Scientists have found in east Africa stone tools dating back 3.3 million years -- long before the advent of modern humans and by far the oldest such artefacts yet discovered.
This is the first evidence that an even earlier group of proto-humans may have had the thinking abilities needed to figure out how to make sharp-edged tools. The tools have been found in northwestern Kenya.
"The tools shed light on an unexpected and previously unknown period of hominin behaviour and can tell us a lot about cognitive development in our ancestors that we can't understand from fossils alone," said lead author Sonia Harmand, of the Turkana Basin Institute at Stony Brook University in New York.

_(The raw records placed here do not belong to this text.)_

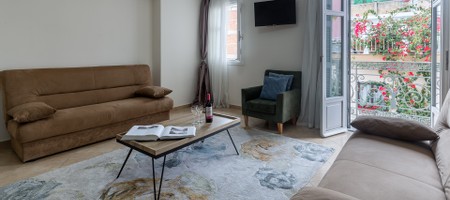 Charming Suite / Two bedrooms Apartment 70 sqm / Navarxou Apostolou 13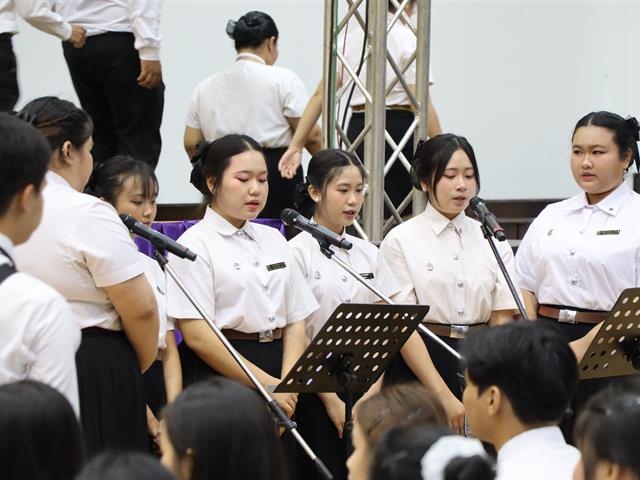 คณะรัฐศาสตร์และสังคมศาสตร์ 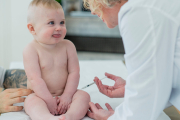Inclusión de la vacuna de la gripe en el calendario vacunal infantil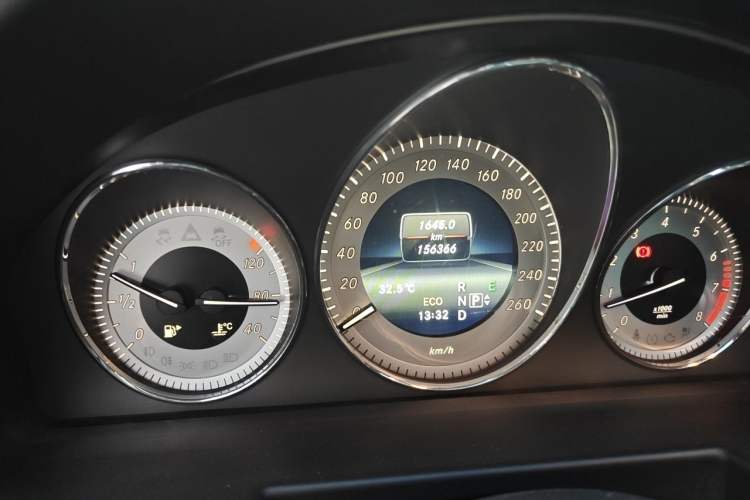 Used Mercedes-Benz GLK-Class 2014 GLK 260 4MATIC Dynamic Model Odometer Close Up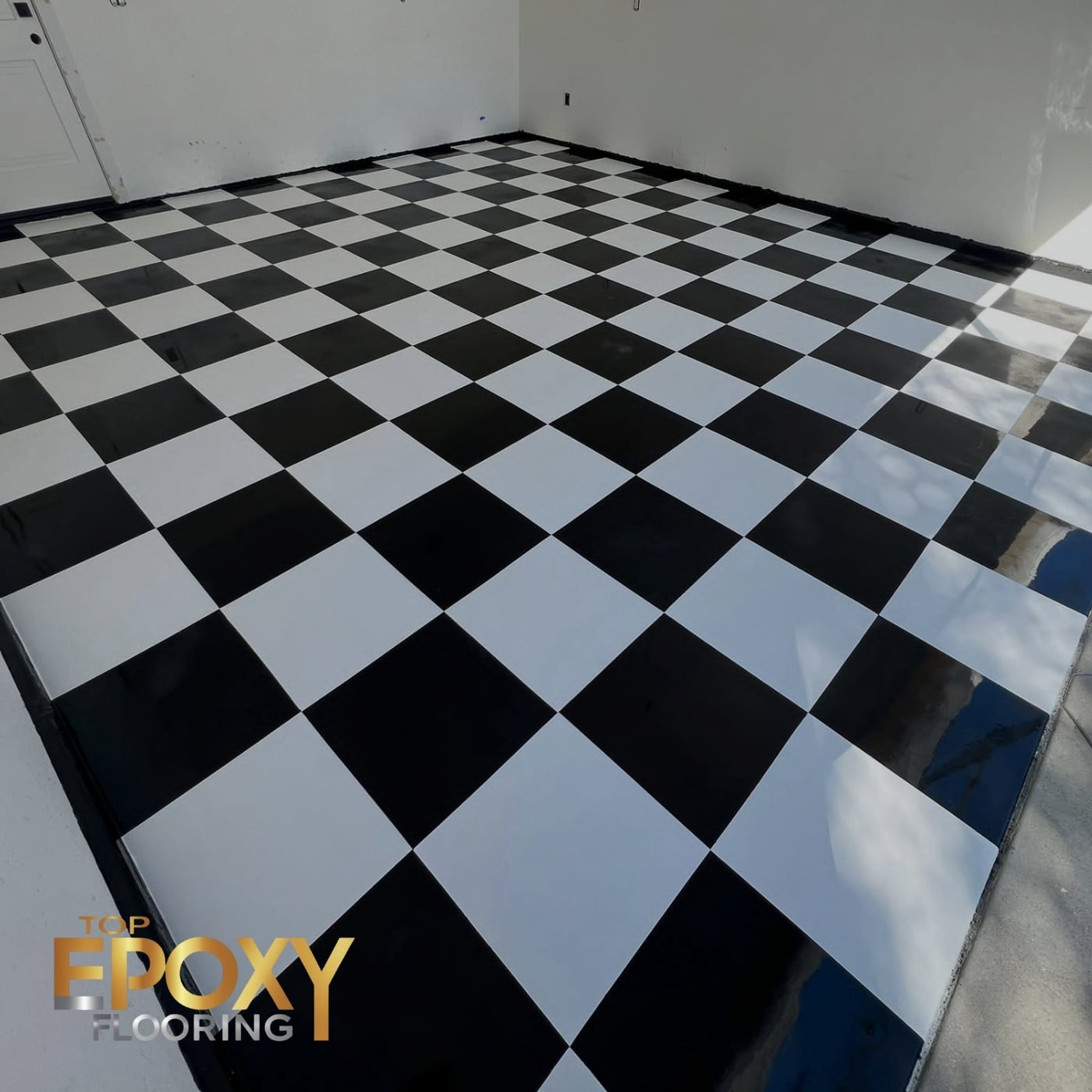 checker epoxy floor black and white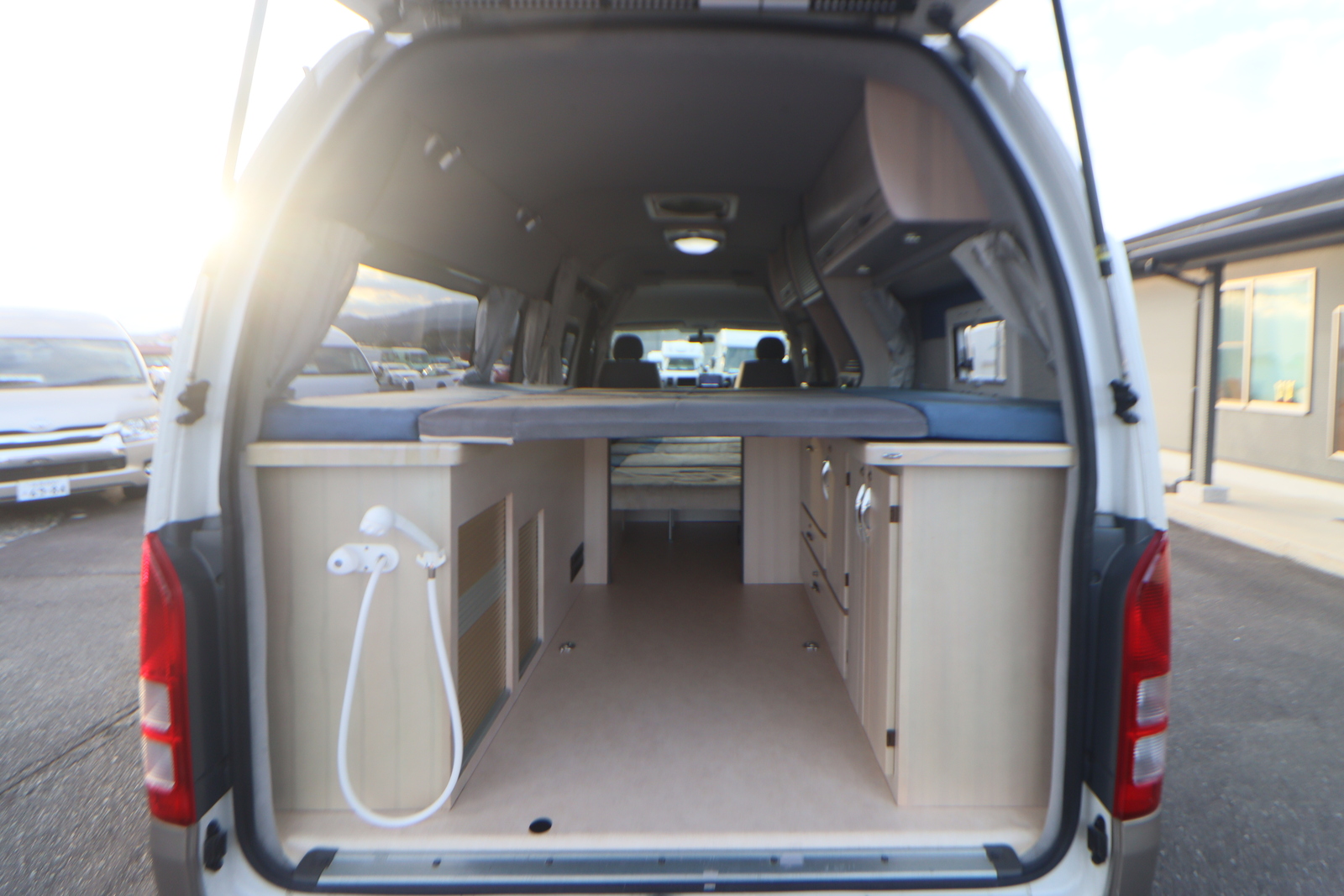 キャンピングカー バンコン ﾊｲｴｰｽ ﾅｯﾂRV ﾘｰｸ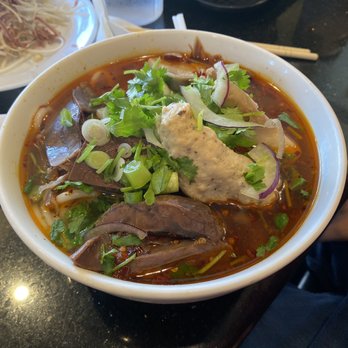 Ngự Bình Restaurant - Vietnamese Near Me - Westminster, California Ngự Bình Restaurant - Vietnamese Near Me - Westminster, California
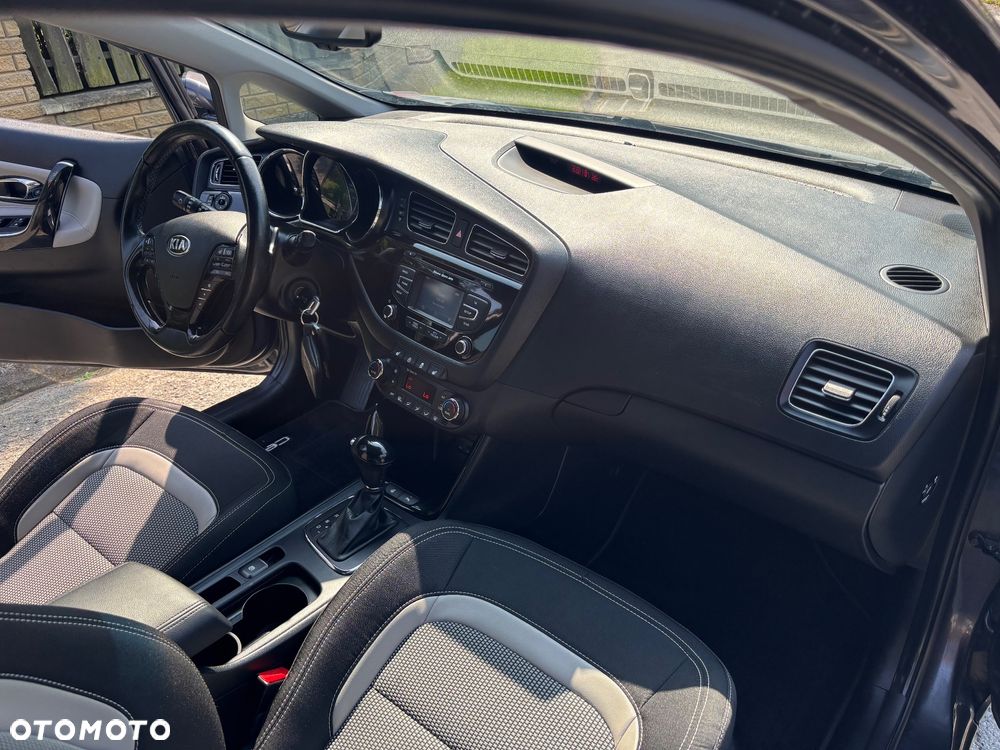 Kia Ceed 1.6 GDI DCT Platinum Edition - 29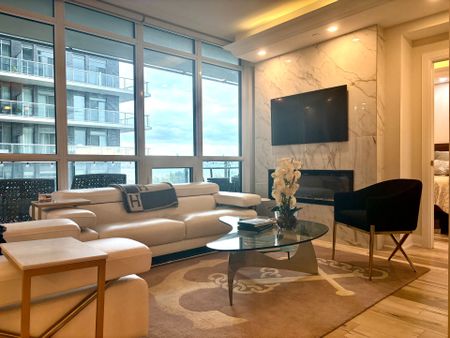 For Lease - 59 Annie Craig Drive Unit# 302, Toronto, Ontario - Photo 2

Hominins are a group of species that includes modern humans, Homo sapiens, and our closest evolutionary ancestors. Anthropologists long thought that our relatives in the genus Homo -- the line leading directly to Homo sapiens -- were the first to craft such stone tools.
But researchers have been uncovering tantalizing clues that some other, earlier species of hominin -- distant cousins, if you will -- might have figured it out.
The area from where the tools were discovered was at that time a partially wooded, shrubby environment. The tools could have been used for breaking open nuts or tubers, bashing open dead logs to get at insects inside, or maybe something not yet thought of.
The study appeared in the journal Nature.